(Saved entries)
-=-=-
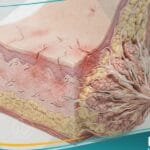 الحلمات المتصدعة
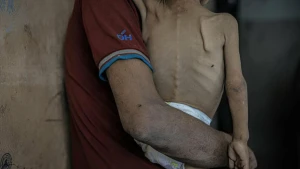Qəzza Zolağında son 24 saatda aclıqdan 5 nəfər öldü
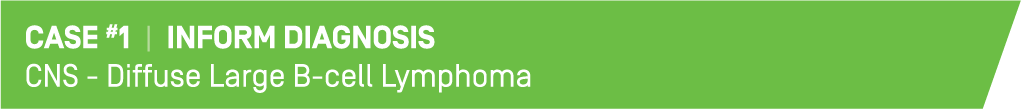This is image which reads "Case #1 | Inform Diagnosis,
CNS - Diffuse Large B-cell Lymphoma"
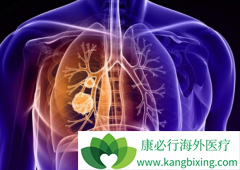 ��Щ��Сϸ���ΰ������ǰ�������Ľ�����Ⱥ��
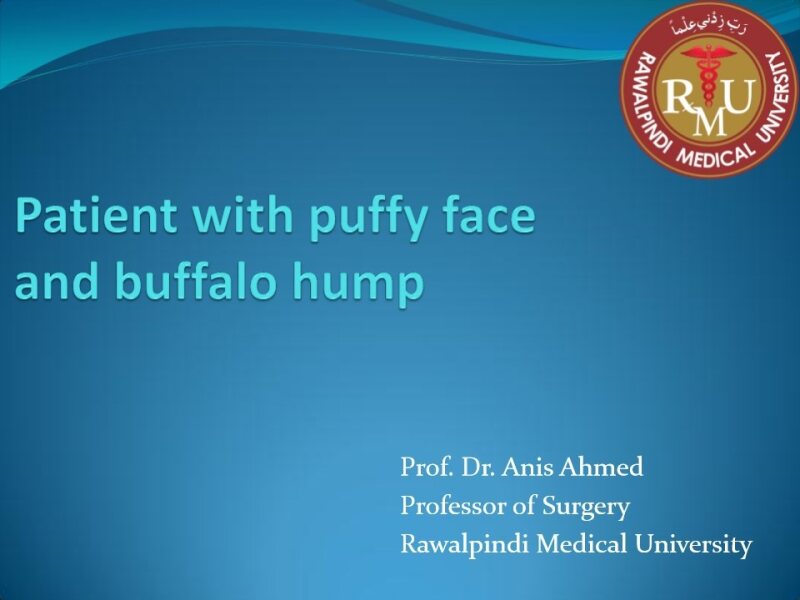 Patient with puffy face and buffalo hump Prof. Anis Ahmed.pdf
-=-=-
### Goal of the exercise:
Each record above needs to be transcribed word for word, with its pictures omitted.

### Written answer:
 الحلمات المتصدعة
Qəzza Zolağında son 24 saatda aclıqdan 5 nəfər öldü
This is image which reads "Case #1 | Inform Diagnosis,
CNS - Diffuse Large B-cell Lymphoma"
 ��Щ��Сϸ���ΰ������ǰ�������Ľ�����Ⱥ��
 Patient with puffy face and buffalo hump Prof. Anis Ahmed.pdf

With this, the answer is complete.